Supplies Needed – General
- Tablecloths and/or newspaper
- Blank ornaments – Either plastic or glass will work well, but I’d suggest using the disc style ornament because they are easy to apply vinyl onto. Be sure to have a few extras on hand.
- Assortment of glitter – I like extra fine glitter, but any glitter will work.
- Assortment of ribbon
- Adhesive vinyl designs (precut)
- Transfer paper or transfer tape
- Polycrylic (or similar)
- 3 ounce paper cups
- Large paper cups
- Snacks and beverages
- *If you don’t want the mess of glitter, you can use paint instead.
Supplies Needed – Per Person
- 1 weeding tool per person
- 1 vinyl applicator per person
- 1 pair of scissors per person
- 1 funnel per person – I prefer to use a funnel to put the glitter into the ornaments, because it cuts down on the mess. Feel free to use your favorite method.
A successful ornament party will probably take around 2 hours.

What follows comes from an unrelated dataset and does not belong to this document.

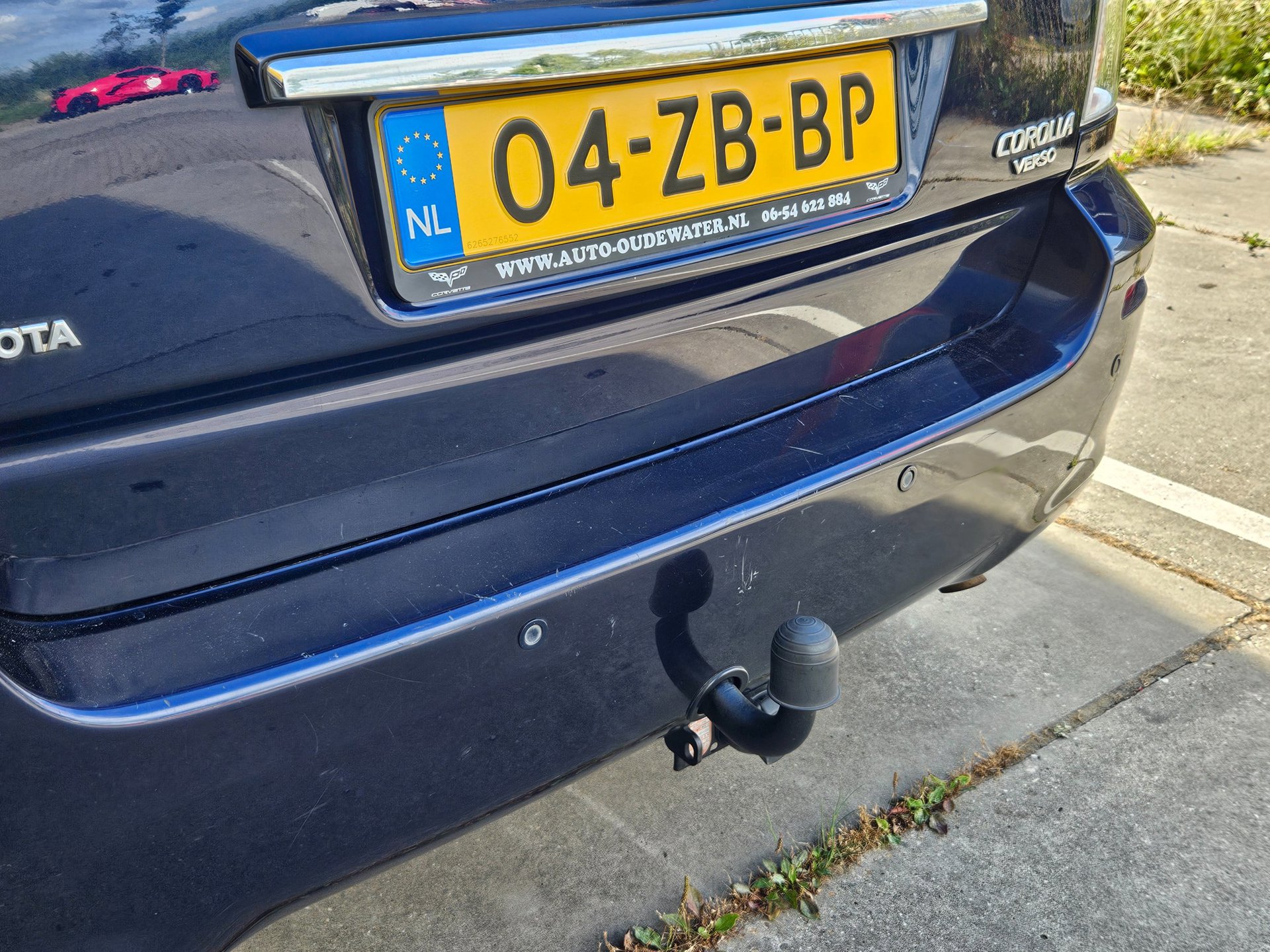 Foto van Toyota Toyota Corolla Verso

This leaves enough time for visiting with friends, creating the ornaments, snacking, and clean up.
Party Sign Up & Payments
There are a few different ways to collect signups and payments for party attendees. Depending on your setup, you can use a Facebook Event from your business page and then a Paypal invoice for payment, a custom product on your website, or even a custom Etsy listing. No matter what method you choose you will want to collect the attendees’ basic information, the number of ornaments they want to make, any requests for personalized vinyl cuts, and their payment. I would charge no less than $10 per ornament. Be sure to collect all payments before the party begins.
You can choose to offer the party in your house or in a hostess’s house. If you are doing the party at someone else’s home, consider letting the hostess make her ornaments for free in exchange for hosting the party.
Before the Party Prep Work
- Cut all vinyl designs before the day of the party. You could cut customized designs that an attendee specifies when they sign up for the party, or you could cut generic designs and sayings.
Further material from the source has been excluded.